Thursday, February 16, 2017

After Global Success, Sopheap Pich Opens Local Exhibition

After Global Success, Sopheap Pich Opens Local Exhibition

The Cambodia Daily | 16 February 2017

The golden artwork that nearly fills the back wall of the Institut Francais’ gallery is a vast abstract spread over a fine bamboo grid, creating a landscape with a thousand facets.

“It’s called ‘The Crater,’ like a volcano crater. I just like that word,” said artist Sopheap Pich, who produced the piece for the exhibition opening tonight in Phnom Penh, his first in Cambodia since 2010.

Artist Sopheap Pich describes the artistry behind ‘The Crater’ on Wednesday at the Institut Francais gallery. (Siv Channa/The Cambodia Daily)
Over the past few years, Mr. Pich’s work has received international acclaim. It has been featured in a solo show at the Metropolitan Museum of Art in New York, included in the collections of the Centre Pompidou in Paris and the Queensland Art Gallery in Australia, and will be part of the 57th Venice Biennale in May.

Mr. Pich—who grinds charcoal to produce the black color he uses in his artworks, which he creates at his studio on the outskirts of Phnom Penh—achieved the magical quality of “The Crater” by using mended burlap fabric he discovered at markets.

Using found items or creating them himself rather than buying ready-made products is a habit he developed in childhood. Growing up in a poor farming family in Battambang province, he recalls putting big nails he found onto railroad tracks. Once they had been flattened by trains’ wheels, he would sharpen the nails to turn them into knives.

“I’m thinking from that kind of direction,” he said. “Find a way to make it. Don’t always rely on the market or the factory.”

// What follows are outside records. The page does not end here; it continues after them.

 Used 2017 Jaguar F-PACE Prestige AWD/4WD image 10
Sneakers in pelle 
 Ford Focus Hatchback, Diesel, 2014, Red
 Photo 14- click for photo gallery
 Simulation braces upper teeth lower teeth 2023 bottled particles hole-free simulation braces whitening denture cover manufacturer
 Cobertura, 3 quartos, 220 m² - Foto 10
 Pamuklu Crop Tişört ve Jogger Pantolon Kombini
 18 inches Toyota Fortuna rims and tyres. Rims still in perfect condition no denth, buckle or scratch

Born in 1971, Mr. Pich lived through the Khmer Rouge regime. Fleeing the country in 1979 with his family, he spent five years in refugee camps in Thailand before immigrating to the U.S. After obtaining a master’s degree in fine arts in the U.S. and studying in France for a year, he returned to Cambodia in the early 2000s.
Artist Sopheap Pich and his art tools. (Siv Channa/The Cambodia Daily)
Arriving as a painter, Mr. Pich soon turned to sculpture, using a natural element ever-present in Cambodia’s landscape: bamboo. He has also traveled to Ratanakkiri province to collect red earth to use as a color and explored wooded areas in search of bamboo of the right quality.

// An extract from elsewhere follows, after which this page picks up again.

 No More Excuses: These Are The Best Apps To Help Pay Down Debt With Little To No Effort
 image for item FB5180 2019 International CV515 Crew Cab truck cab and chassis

Mr. Pich’s approach is more that of a philosopher or a scientist rather than an artisan.

Along with rattan and bamboo and burlap and beeswax, and oil paint, every single material I use is sort of accounted for,” he said in an interview on Tuesday. “I don’t just use things haphazardly.”

“If I make 100 paintings, 100 sculptures with rattan, it’s only because I’m continually fascinated by rattan,” he said. “Stone represents a new challenge. It’s heavy; it’s expensive; it’s difficult to work with. You need different tools. So it’s a challenge.”

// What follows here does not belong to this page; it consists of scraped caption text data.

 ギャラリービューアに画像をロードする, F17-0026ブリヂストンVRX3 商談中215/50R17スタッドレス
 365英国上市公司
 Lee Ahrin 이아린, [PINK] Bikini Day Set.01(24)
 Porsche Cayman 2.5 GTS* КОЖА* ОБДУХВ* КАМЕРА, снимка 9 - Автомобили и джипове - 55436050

The exhibition, which will include one of Mr. Pich’s large rattan sculptures, at 6-by-3 meters, also features objects from his studio ranging from small sculptures and a movie poster to pans he uses to melt the translucid pine tree resin he collects.

Bernard Millet, the French Embassy’s cultural attache and a career museum and arts curator, insisted on recreating Mr. Pich’s studio in the show, so that the public would get a sense of his artistic approach.

“What strikes me in him is the perspective with which he looks at what surrounds him, on his environment, and which can absolutely be shared,” he said last week.

“If his work is shown in Buenos Aires, Europe or Africa, people might not necessarily see Cambodia in the bamboo. But something in its form or ‘zen’ will resonate for them.”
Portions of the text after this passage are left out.